[<prev] [next>] [<thread-prev] [thread-next>] [day] [month] [year] [list]
Message-Id: <20240510192412.3297104-15-amery.hung@bytedance.com>
Date: Fri, 10 May 2024 19:24:06 +0000
From: Amery Hung <ameryhung@...il.com>
To: netdev@...r.kernel.org
Cc: bpf@...r.kernel.org,
yangpeihao@...u.edu.cn,
daniel@...earbox.net,
andrii@...nel.org,
martin.lau@...nel.org,
sinquersw@...il.com,
toke@...hat.com,
jhs@...atatu.com,
jiri@...nulli.us,
sdf@...gle.com,
xiyou.wangcong@...il.com,
yepeilin.cs@...il.com,
ameryhung@...il.com
Subject: [RFC PATCH v8 14/20] bpf: net_sched: Add bpf qdisc kfuncs
This patch adds kfuncs for working on skb and manipulating child
class/qdisc.
Both bpf_qdisc_skb_drop() and bpf_skb_release() can be used to release
a reference to an skb. However, bpf_qdisc_skb_drop() can only be called
in .enqueue where a to_free skb list is available from kernel to defer
the release. Otherwise, bpf_skb_release() should be used elsewhere.
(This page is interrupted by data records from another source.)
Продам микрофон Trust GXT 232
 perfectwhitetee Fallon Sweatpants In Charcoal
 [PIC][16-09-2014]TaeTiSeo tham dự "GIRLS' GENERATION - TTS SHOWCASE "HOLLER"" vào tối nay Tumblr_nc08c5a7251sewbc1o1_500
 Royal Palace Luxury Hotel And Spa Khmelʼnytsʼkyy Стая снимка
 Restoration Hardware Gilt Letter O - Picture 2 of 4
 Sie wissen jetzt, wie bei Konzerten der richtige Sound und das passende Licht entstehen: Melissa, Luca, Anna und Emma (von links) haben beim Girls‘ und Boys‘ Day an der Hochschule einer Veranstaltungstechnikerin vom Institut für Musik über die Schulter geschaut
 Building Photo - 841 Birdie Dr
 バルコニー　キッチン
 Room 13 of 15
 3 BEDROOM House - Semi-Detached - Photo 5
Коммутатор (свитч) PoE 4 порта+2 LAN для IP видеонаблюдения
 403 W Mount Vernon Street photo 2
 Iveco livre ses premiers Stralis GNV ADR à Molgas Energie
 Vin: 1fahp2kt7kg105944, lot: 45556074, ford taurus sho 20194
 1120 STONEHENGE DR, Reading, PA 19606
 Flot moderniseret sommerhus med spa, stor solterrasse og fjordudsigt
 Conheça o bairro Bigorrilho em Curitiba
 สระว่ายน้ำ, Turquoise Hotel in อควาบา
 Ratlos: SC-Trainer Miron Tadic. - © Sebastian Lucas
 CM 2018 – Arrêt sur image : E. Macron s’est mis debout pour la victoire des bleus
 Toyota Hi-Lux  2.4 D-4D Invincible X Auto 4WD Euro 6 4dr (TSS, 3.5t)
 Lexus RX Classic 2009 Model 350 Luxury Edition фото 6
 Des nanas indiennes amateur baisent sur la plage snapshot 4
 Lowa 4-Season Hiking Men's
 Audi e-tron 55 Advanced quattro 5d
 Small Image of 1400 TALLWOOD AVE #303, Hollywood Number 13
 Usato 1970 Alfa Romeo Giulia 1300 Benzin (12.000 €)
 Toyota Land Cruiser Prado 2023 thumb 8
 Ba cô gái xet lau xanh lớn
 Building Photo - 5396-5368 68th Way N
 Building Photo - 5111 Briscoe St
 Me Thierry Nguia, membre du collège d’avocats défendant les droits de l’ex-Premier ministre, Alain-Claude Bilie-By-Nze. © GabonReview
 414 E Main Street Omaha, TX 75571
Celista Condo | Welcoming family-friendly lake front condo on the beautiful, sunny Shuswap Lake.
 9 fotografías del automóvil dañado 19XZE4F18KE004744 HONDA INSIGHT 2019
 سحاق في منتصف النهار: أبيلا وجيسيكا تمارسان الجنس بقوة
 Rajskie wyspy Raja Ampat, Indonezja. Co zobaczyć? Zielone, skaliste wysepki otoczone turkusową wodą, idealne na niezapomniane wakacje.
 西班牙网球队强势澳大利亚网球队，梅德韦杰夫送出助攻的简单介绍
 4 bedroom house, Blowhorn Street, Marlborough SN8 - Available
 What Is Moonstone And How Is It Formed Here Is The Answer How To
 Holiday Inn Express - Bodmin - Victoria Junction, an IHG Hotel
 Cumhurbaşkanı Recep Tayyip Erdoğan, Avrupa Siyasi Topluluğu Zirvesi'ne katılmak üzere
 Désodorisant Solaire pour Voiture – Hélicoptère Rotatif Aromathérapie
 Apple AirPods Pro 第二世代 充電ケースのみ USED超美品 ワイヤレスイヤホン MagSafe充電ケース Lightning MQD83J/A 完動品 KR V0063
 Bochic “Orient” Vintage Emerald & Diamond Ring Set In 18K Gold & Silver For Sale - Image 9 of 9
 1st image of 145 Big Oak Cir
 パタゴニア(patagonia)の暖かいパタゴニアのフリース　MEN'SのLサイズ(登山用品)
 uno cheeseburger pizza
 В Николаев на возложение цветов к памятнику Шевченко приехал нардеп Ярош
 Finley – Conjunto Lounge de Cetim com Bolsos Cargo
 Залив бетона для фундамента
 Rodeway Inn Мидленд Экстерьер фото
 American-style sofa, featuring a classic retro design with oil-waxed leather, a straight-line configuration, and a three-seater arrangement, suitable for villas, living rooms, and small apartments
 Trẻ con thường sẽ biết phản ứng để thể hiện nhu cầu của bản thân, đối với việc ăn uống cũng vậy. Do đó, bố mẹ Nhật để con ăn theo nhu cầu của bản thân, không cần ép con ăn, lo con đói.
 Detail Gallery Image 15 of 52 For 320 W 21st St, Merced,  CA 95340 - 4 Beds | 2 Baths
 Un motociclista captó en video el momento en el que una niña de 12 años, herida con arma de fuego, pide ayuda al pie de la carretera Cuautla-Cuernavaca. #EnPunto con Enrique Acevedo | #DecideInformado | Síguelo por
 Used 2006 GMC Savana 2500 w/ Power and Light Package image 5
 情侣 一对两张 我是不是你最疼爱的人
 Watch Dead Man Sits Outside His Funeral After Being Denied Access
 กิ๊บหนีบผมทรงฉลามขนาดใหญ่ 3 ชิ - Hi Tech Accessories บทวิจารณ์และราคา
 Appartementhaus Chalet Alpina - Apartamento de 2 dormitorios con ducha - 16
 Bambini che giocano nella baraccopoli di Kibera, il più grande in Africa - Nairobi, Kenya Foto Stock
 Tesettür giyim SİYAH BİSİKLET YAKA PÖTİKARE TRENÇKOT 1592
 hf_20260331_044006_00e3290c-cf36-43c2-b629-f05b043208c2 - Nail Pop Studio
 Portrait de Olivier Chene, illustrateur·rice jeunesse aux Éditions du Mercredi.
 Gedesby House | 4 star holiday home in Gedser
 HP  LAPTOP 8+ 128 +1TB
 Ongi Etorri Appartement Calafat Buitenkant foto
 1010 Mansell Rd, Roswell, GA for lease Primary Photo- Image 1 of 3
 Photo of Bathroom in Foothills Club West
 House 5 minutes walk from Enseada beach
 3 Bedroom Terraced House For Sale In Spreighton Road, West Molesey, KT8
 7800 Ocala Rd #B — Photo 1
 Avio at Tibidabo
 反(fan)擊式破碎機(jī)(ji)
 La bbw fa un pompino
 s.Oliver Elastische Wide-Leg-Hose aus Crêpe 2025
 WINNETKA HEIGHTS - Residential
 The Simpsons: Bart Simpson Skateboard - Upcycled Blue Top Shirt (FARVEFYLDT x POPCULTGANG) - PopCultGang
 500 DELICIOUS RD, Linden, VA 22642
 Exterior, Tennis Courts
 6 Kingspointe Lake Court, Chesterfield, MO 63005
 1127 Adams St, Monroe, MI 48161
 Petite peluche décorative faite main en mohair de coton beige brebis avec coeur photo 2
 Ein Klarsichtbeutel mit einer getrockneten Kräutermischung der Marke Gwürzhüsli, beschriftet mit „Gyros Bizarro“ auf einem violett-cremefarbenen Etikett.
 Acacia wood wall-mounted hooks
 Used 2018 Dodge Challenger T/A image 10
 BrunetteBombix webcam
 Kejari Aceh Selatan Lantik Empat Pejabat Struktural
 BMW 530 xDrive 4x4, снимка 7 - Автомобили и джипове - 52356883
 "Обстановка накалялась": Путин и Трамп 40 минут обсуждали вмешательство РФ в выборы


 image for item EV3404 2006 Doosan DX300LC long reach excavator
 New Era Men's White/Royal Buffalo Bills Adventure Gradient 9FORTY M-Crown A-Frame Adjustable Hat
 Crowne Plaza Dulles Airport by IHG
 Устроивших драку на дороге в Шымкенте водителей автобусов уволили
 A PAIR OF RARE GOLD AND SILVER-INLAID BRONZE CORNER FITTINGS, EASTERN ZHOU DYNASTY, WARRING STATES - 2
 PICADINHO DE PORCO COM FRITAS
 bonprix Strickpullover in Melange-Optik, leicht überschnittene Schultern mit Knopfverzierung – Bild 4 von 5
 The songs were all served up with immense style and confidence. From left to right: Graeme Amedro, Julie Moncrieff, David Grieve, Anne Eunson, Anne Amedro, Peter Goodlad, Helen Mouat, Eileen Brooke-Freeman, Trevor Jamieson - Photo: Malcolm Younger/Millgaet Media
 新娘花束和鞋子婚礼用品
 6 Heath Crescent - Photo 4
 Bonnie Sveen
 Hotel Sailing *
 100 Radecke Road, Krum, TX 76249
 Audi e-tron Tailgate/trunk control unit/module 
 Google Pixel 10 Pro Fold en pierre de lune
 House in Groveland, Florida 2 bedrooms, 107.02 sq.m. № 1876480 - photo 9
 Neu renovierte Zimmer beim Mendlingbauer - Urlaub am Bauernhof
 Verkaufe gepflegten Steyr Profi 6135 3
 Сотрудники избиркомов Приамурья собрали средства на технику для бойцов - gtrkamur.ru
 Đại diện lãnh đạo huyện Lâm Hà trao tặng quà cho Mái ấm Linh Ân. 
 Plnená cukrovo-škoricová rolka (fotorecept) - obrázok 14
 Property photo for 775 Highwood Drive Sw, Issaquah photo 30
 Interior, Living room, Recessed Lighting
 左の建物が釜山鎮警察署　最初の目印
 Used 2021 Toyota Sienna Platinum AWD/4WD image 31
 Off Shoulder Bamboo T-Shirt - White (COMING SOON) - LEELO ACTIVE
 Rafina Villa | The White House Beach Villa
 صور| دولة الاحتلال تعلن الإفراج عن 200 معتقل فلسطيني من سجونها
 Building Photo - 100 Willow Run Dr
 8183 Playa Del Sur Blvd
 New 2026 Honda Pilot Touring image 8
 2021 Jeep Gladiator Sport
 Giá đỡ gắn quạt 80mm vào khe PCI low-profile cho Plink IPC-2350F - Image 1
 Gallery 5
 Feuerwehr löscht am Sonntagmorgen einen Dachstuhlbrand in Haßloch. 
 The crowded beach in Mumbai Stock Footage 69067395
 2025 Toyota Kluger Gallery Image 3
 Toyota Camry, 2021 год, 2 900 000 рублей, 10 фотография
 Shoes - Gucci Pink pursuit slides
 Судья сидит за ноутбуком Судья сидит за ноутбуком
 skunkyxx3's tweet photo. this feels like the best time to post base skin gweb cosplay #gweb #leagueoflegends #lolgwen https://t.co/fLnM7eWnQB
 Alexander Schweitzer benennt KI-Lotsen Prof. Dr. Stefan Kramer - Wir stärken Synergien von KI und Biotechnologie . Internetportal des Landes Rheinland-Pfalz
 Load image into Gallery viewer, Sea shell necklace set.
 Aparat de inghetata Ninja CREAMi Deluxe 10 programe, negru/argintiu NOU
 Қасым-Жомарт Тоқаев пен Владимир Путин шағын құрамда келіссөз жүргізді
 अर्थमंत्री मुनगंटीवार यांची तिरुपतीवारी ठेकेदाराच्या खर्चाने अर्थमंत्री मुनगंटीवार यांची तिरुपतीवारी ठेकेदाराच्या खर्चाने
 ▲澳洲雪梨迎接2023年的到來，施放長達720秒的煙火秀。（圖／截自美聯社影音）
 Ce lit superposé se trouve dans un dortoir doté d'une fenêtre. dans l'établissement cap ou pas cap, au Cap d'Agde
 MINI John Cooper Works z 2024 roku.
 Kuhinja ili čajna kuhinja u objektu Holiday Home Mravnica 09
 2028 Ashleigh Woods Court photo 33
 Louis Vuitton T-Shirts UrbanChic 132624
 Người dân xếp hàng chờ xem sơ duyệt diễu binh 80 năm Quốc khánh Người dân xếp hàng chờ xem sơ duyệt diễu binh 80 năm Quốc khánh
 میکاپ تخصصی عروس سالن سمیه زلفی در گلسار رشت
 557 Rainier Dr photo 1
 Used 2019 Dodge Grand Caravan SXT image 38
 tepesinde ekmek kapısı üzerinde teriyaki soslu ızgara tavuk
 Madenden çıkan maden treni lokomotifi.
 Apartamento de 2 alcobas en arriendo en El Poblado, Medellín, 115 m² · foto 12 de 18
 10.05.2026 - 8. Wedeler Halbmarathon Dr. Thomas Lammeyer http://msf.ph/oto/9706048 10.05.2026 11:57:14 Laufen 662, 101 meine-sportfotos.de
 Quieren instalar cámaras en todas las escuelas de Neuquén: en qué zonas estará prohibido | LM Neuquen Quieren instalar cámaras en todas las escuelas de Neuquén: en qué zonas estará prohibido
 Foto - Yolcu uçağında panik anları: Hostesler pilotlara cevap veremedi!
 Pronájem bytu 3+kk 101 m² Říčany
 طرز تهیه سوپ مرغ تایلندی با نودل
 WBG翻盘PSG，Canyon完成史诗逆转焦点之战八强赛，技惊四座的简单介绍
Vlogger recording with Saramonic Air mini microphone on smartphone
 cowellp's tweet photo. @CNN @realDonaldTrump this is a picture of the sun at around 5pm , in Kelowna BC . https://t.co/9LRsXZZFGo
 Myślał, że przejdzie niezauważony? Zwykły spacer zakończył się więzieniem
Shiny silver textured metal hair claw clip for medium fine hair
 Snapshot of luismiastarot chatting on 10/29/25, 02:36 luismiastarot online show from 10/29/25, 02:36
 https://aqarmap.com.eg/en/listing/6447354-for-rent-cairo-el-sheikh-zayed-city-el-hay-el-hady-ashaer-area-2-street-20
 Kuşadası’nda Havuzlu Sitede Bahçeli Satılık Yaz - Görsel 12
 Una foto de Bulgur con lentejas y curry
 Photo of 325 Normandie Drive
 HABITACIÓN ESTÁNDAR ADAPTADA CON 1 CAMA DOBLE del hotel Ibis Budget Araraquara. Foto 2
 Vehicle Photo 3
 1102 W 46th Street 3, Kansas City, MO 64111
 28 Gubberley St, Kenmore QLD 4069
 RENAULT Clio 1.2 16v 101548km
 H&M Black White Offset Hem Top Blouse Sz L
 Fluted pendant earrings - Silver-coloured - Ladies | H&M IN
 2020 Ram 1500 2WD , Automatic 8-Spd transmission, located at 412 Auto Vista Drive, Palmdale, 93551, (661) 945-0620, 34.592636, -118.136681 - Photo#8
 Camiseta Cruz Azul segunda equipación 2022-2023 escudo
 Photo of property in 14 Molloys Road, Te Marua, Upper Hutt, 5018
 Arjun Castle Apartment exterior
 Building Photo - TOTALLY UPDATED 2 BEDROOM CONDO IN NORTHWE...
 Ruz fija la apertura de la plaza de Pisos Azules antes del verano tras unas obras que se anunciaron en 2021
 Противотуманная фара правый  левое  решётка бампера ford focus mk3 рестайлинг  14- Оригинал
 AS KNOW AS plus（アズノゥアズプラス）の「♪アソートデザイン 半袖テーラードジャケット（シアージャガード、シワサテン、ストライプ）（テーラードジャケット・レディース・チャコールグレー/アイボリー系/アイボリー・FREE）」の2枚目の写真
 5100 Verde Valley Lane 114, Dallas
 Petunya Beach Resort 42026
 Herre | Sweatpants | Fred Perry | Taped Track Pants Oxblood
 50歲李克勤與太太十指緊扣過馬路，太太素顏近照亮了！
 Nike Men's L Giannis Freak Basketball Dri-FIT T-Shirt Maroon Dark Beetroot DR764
It
is also used in bpf_obj_free_fields() when cleaning up skb in maps and
collections.
For bpf_qdisc_enqueue() and bpf_qdisc_dequeue(), kfuncs that pass skb
between the current qdisc and a child qdisc, classid is used to refer
to a specific child qdisc instead of "srtuct Qdisc *" so that it is
impossible to recursively enqueue or dequeue skb to a qdisc itself.
More specifically, while we can make bpf_qdisc_find_class() return a
pointer to a child qdisc, and use it in enqueue or dequeue kfuncs
instead of classid, it would be hard to make sure the pointer is not
pointing to the current qdisc, causing indefinite resursive calls.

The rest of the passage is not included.